Michelle Kinney followed the musical avant-garde to New York--and back again.

"There's all this wonderful energy in New York," says Kinney. "The musicians and people who go through New York and live there are among the most brilliant and creative and energetic and happy and fulfilled. It's a fantastic way to learn. But then you reach a point in your life, especially if you have children, where you have to start thinking beyond the thrill of the moment--or the agony of the moment--and try to get some view into the future. I would have slugged it out in New York for sure, but you just have to change your perspective when you're a parent."

While Kinney was lugging her cello all over town as a hired gun, she was also writing her own stuff, at least in the rare moments that she had the time and energy. Her music is a cerebral mix of disparate styles. At times it bears the influence of her former bandleader Henry Threadgill, but then it will start to sound like Tom Waits, and next like refracted Bach.

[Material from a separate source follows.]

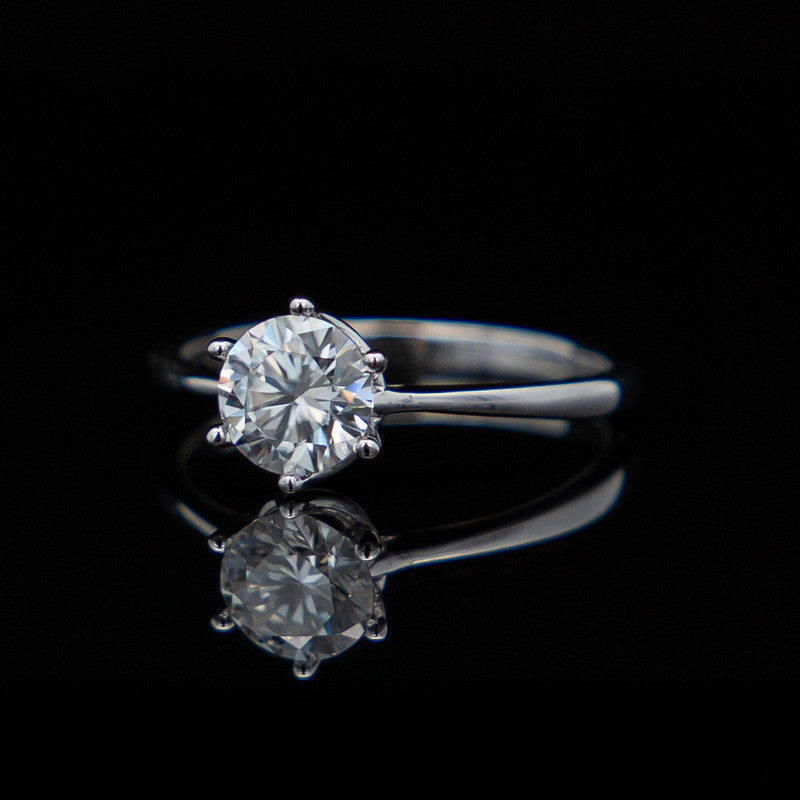 Andrea – Moissanite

Kith and Kinney: Composer and instrumentalist Michelle Kinney on her family-friendly acre in Golden Valley
Jana Freiband
Kith and Kinney: Composer and instrumentalist Michelle Kinney on her family-friendly acre in Golden Valley

"I used to think that it was too many weird things happening at once," says Kinney, "but the older I get the more I enjoy that." The music is lovely in spots, noisy in others, sometimes heavily improvised, sometimes tightly composed. Besides being a first-rate player, Kinney is a very good singer, as demonstrated by her elegantly harmonized if somewhat pretentious piece "Phoebe," which she plans to perform at the Walker with a band of local and New York compatriots: guitarist Brandon Ross (Cassandra Wilson, Threadgill), singer Timothy Hill, pianist Myra Melford, bassist Anthony Cox, and drummer Kevin Washington.

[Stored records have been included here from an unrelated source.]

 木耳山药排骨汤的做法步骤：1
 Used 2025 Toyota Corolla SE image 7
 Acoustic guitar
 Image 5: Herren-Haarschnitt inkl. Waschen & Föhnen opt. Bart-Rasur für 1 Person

Much of the Walker show will be devoted to Kinney's recent adaptations of poetry into what she reluctantly characterizes as art songs. She'll perform two musical settings of W.S. Merwin poems, which some raw recordings suggest might be Kinney's strangest and prettiest stuff to date. She'll also debut a composition built around local poet Wang Ping's "Tsunami Chant," an unsparing indictment of U.S. foreign policy, and present a take on Edna St. Vincent Millay's "The Bean-Stalk," with music inspired by Nick Cave.

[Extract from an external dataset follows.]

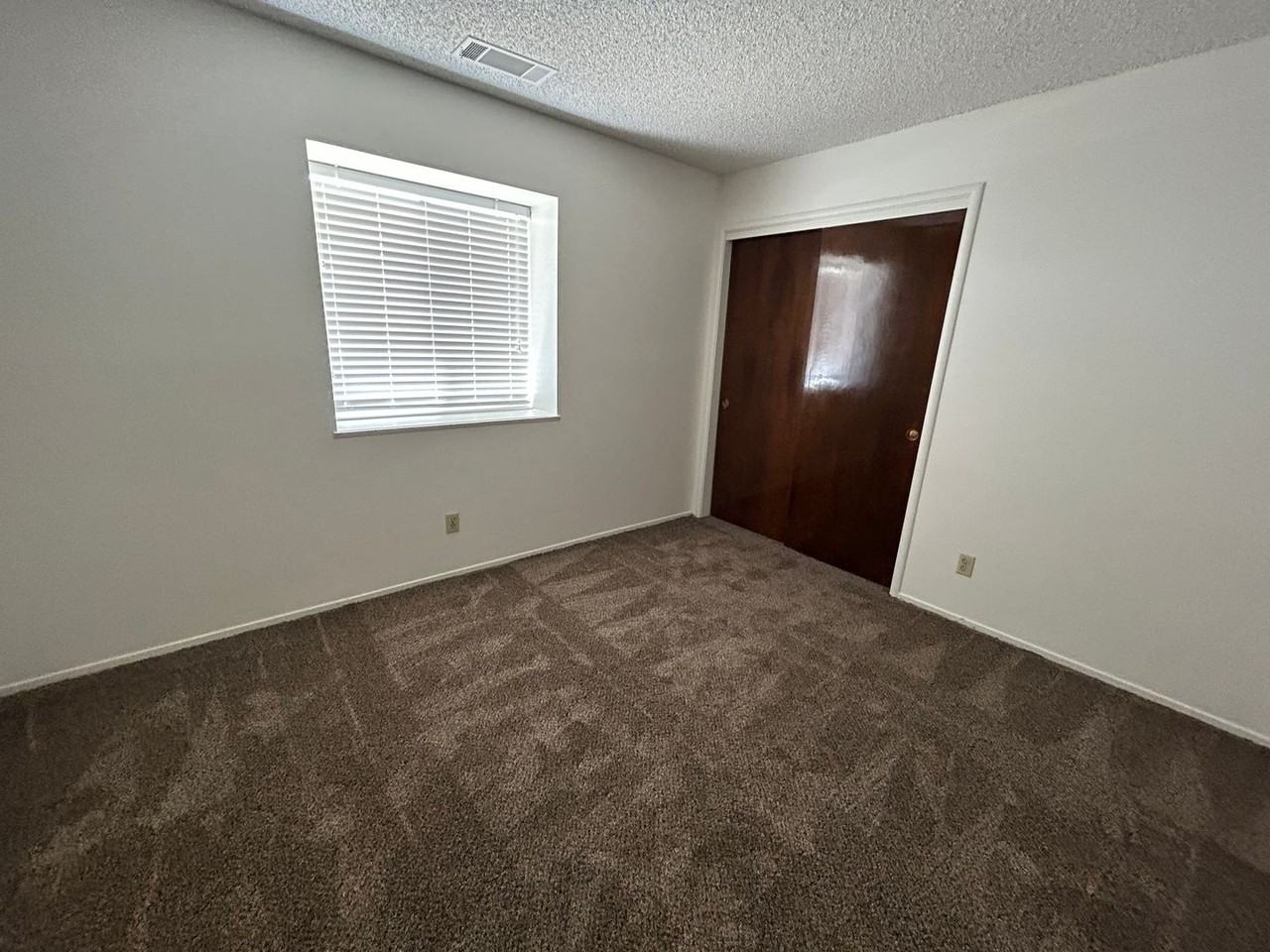 2940 S Woodland St - Photo 5 of 10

For now, the only way to hear these tunes is at shows such as the Walker date. "I've recorded tons of records but I haven't actually put anything out," says Kinney. "By the time I get it recorded, I'm on to something else. I'm going to try to change that, I'm going to try to go back and put out at least one record of good stuff that never got released."

Indeed, no more dillydallying. Sure, early forecasts suggest that 2004 will be the Year of the Hooky Dance Number about Male-Female Interaction, but one never knows. Perhaps the time for the cello-driven W.S. Merwin-inspired art song is about to arrive.